For the second summer in a row, SC&I’s Department of Journalism and Media Studies (JMS) is giving students the opportunity to enhance their reporting and writing skills by studying abroad in Bologna, Italy. This unique program is run by Assistant Professor of Professional Practice Mary D’Ambrosio and Associate Professor Regina Marchi, and accepts 12 to 15 students per session. Students can take a three-credit International Reporting course where they will learn to work as foreign correspondents by covering stories about Italy and the European Union, a three-credit Travel Writing course where they will learn to develop interesting stories about Bologna’s rich history, food, and culture, or take both courses for a total of six credits. Students also attend a course in basic conversational Italian each morning, in order to help them communicate with the public.

When asked about why the city of Bologna was chosen as the study abroad destination, Professor D’Ambrosio said, “Bologna has all of the right ingredients: it’s a very authentic Italian city, without too many tourists, so students get a real taste of a different culture. It’s a progressive city, at the forefront of many Italian social justice initiatives, and therefore a good fit with our department’s strong social justice focus. It’s a gorgeous university city, and region, full of young people, music and things to do. And finally, we were offered a chance to develop a terrific partnership with the University of Bologna’s Department of Interpretation and Translation.” D’Ambrosio, a dual U.S.-Italian citizen, also expressed how she thought it was important for student journalists to experience what it’s like to live in a culture that differs drastically from that of New Jersey. One of the biggest culture shocks for many students was the lack of cars in Bologna, where many citizens solely rely on biking or walking to get around.

Although Monday through Thursday is reserved for learning and reporting in the city, students are free to travel on the weekends. Junior Gianna Bruzzese participated in the Bologna program last summer, and she visited Florence, Venice, Rome, Vienna, San Gimignano, and the Apennine Mountains in her free time. “I think it’s important to travel any chance you get. This program advanced my skills as a journalist and also taught me completely new things about living and working abroad,” said Bruzzese. One of the highlights of her travels was going on a wine tour in Florence, where she visited multiple vineyards and was able to try authentic Italian wine with her classmates.

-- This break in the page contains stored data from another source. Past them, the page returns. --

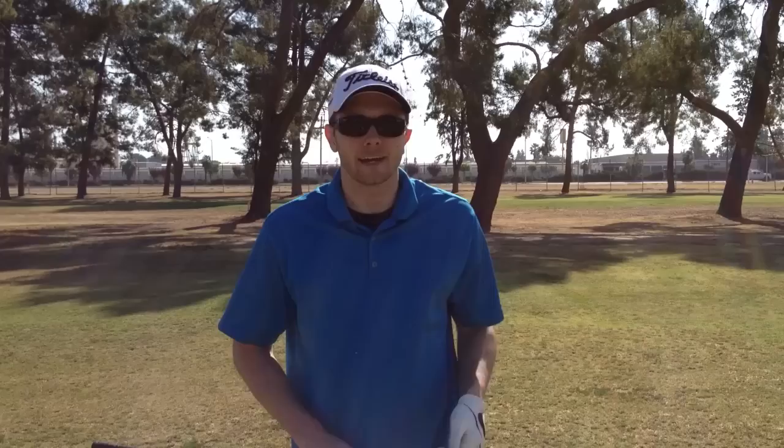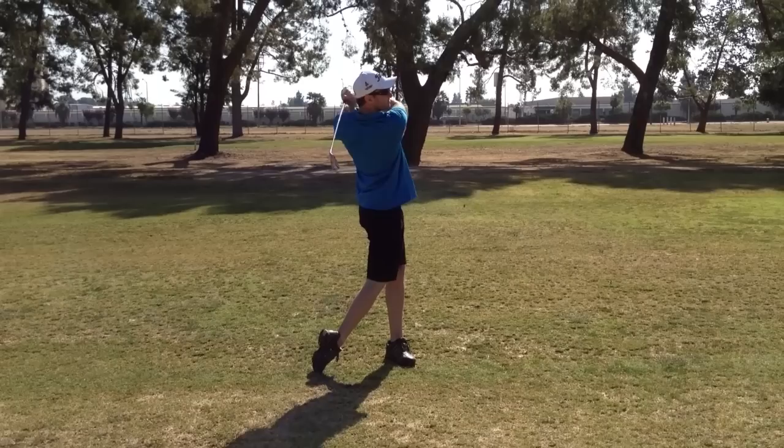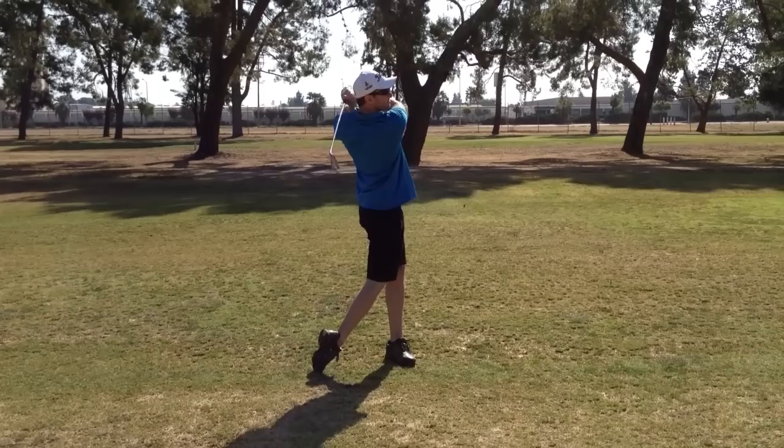I have about 268 yards left to the hole. Club selection: 7-iron. Yeah baby, that's an OptiShot swing.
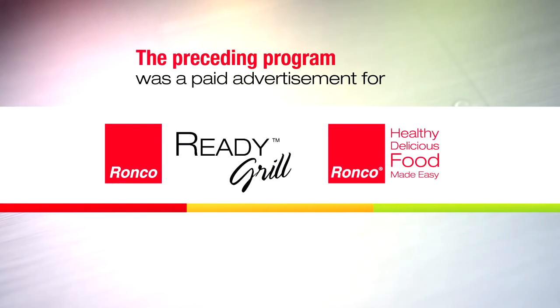The preceding program was a paid advertisement for the Ronco Ready Grill. With Ronco, it's healthy, delicious food made easy.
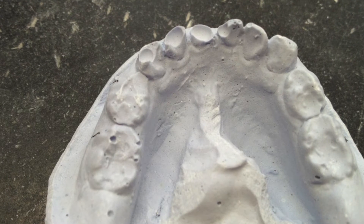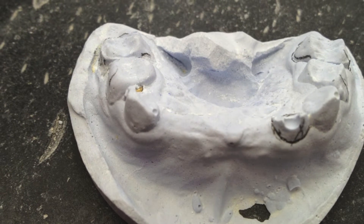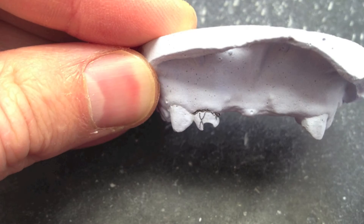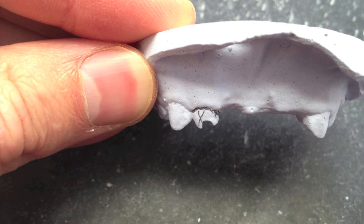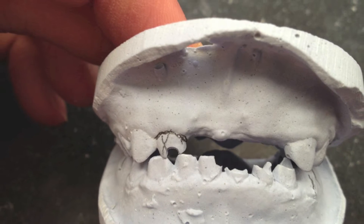Here are the models that I got to work from — they weren't poured up very good. They're good impressions, just weren't poured up very good. I was asked to remove that upper left, upper right incisor and replace all four front teeth.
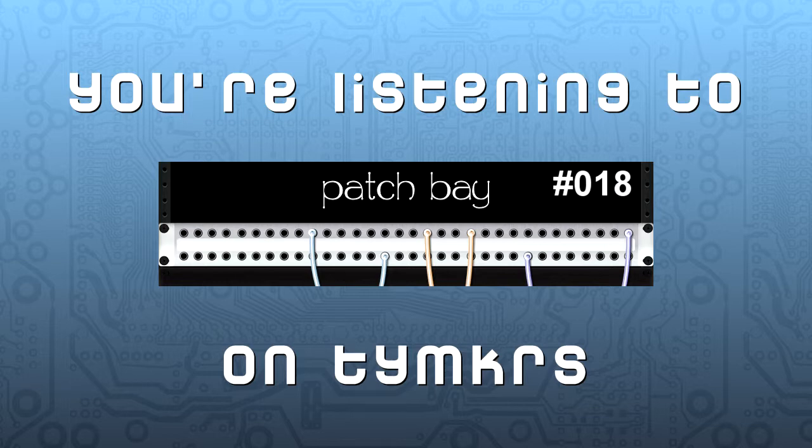Somebody might look at plus 6 dB of 10k high-end shelving and think 'that's too much,' but if it sounds good just go with it. I used to do that all the time on consoles, especially with tape transfers that were coming back moldy — you needed to restore some high end. That's kind of why I brought up filters rather than typical multi-band or parametric EQ: when you attack it with a filter the curve is very steep — you're not pretending to go in gently.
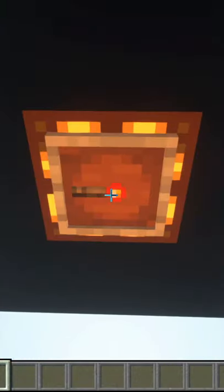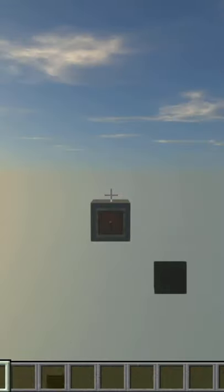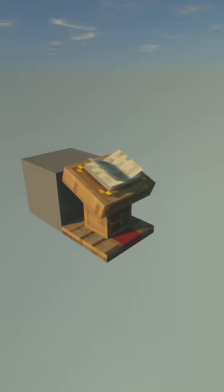This is how you make an item frame lock. To start out, you can use an item frame, lectern, or even cake.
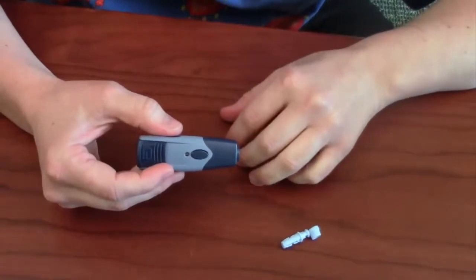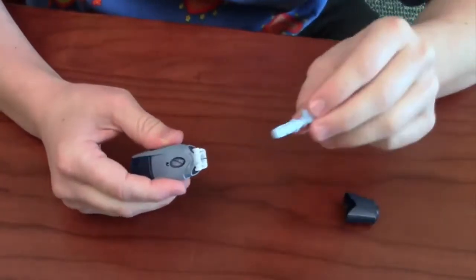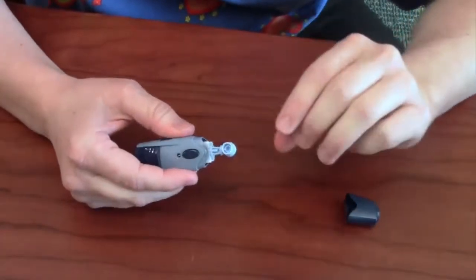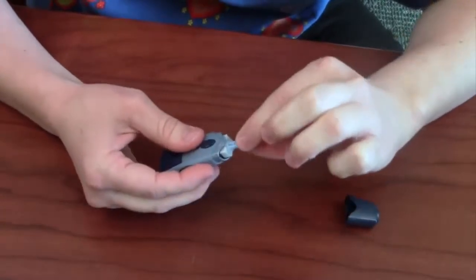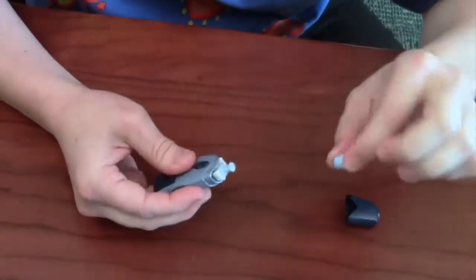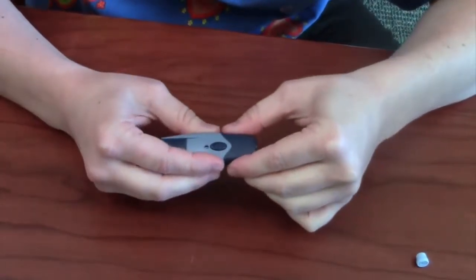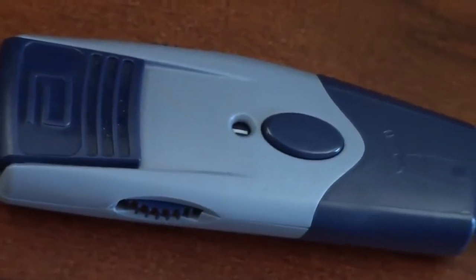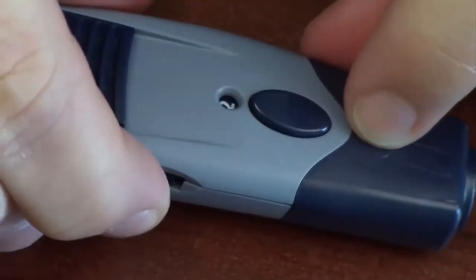To prepare the lancing device for use, the first thing you'll do is remove the cap, insert a lancet, and hear it click. Then remove the top piece by twisting it — that exposes the needle. Replace the cap. The next thing is to set the depth of the needle.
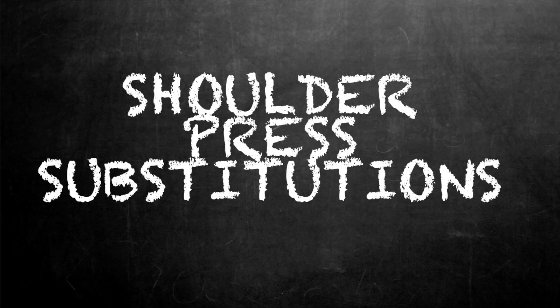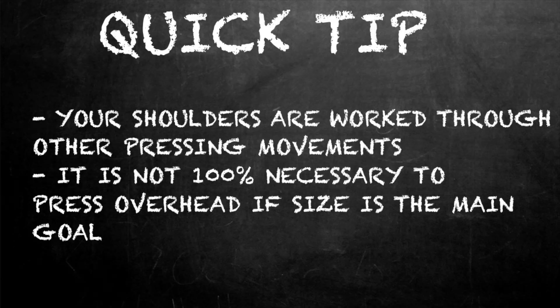Welcome to another episode of the Strength Classroom. Today we're going to talk about some overhead press substitutions for the barbell military press. I made another video about the barbell overhead press and what you could be doing wrong that's causing shoulder pain. So if you feel like you cannot do a barbell overhead press right now, here's what you can do in the meantime. These are strictly pressing variations.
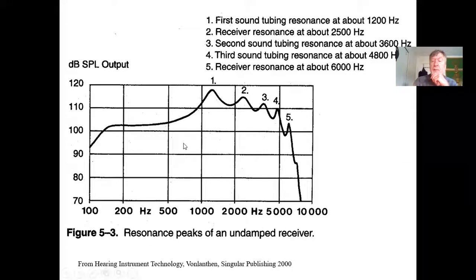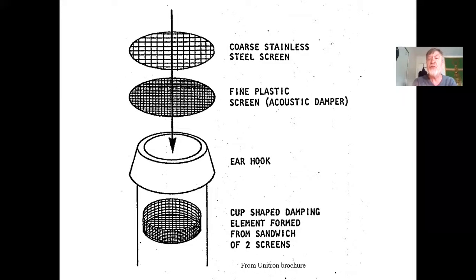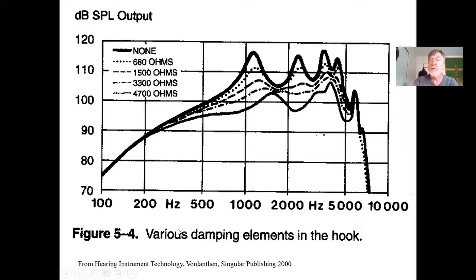Filters are little screens placed into the ear hook of the hearing aid. Here you can see an actual filter — a tiny red screen inside the ear hook. You can have a coarse screen or a fine screen inserted into the ear hook.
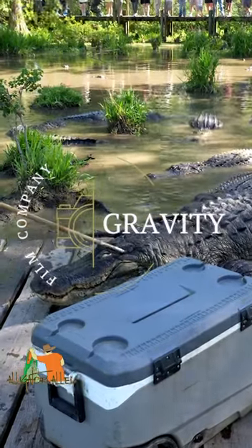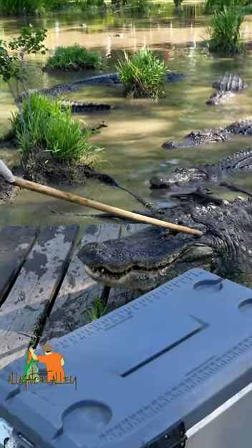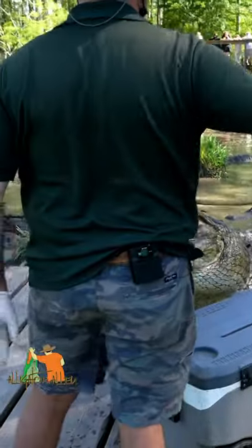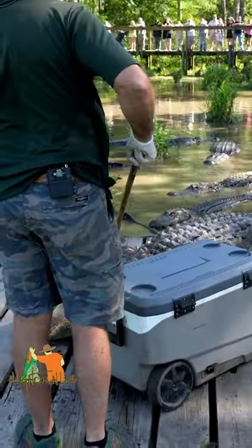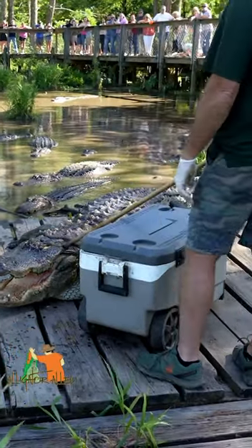All I'm doing to get him to back up is putting just a slight amount of pressure on his ear flap — not hitting him, not poking him, just about two pounds of pressure to make it somewhat uncomfortable for him. Of course, you can tell his feeding response is overtaking anything I can deter him with, but he knows what's in the cooler.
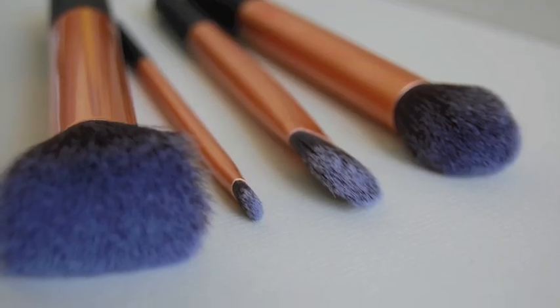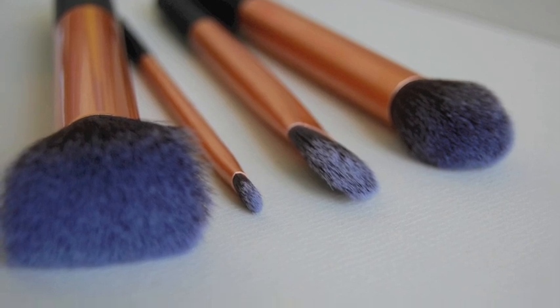So that's the four brushes. They also do another one called a multi-task brush that has the same colour scheme, I think. I'm also hoping to pick that up.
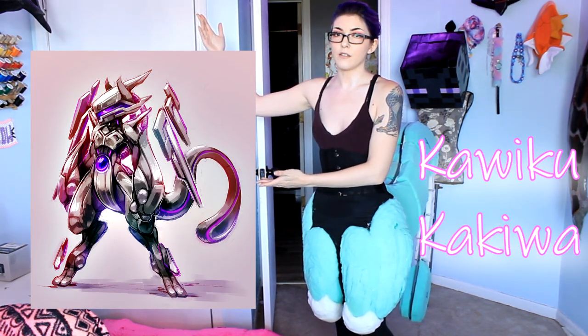As some of you may or may not know, I am making a Mecha Mewtwo cosplay, and I am not doing the original canon art. I am cosplaying from this art. This art is by Kawiku or Kakiwa — they're the same person. They changed over to Kakiwa at some point, and I did get in contact with the artist, and they have approved of me cosplaying their art.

While in Bologna, students are given the opportunity to exercise both their written journalism and visual storytelling skills through various assignments based on what they find most compelling. “During our time in Bologna, we were broken up into small teams in order to complete two projects: one written piece and one film,” explained Mason Plotts, who also participated in the program last summer. “My team, in particular, decided to focus on the culture and tradition of Italian cuisines as western influences began to trickle into the ‘food capital’ of Italy.” Ultimately, they created a documentary about the historical pilgrimage to the Porticos of San Luca, one of the famous Catholic sanctuaries.

Plotts also said it felt liberating to use what he had learned in class, in real life interactions with local citizens. “During the first day of the program, a few students and I traveled into the busier part of the city and sat down to eat a small local restaurant, but little did I know we would eat there multiple times over the next few weeks. Right from the start, the owner of the restaurant took interest in us since we were not from the city. He did not speak English, but we were both excited to communicate with one another. Over time we were able to practice elementary Italian enough in class that we were able to finally have a conversation with him,” Plotts said. “It is fun to look back on what I learned, who I met, and all the conversations that were had over traditional Italian dishes at this restaurant.”

Professor Steven Miller, coordinator of undergraduate studies, is a strong advocate for the Bologna program and believes students should take advantage of any travel opportunities they have available to them while still in school.

“One of the things that people forget about college is curiosity,” Miller explained. “We want you to be curious about the world, we want you to explore and travel because education does not just stop at the classroom. By going to foreign countries you are going to become more educated about the world and the people that live there. I’ve found that students who have studied abroad are more curious, and isn’t that what a journalist is supposed to be?”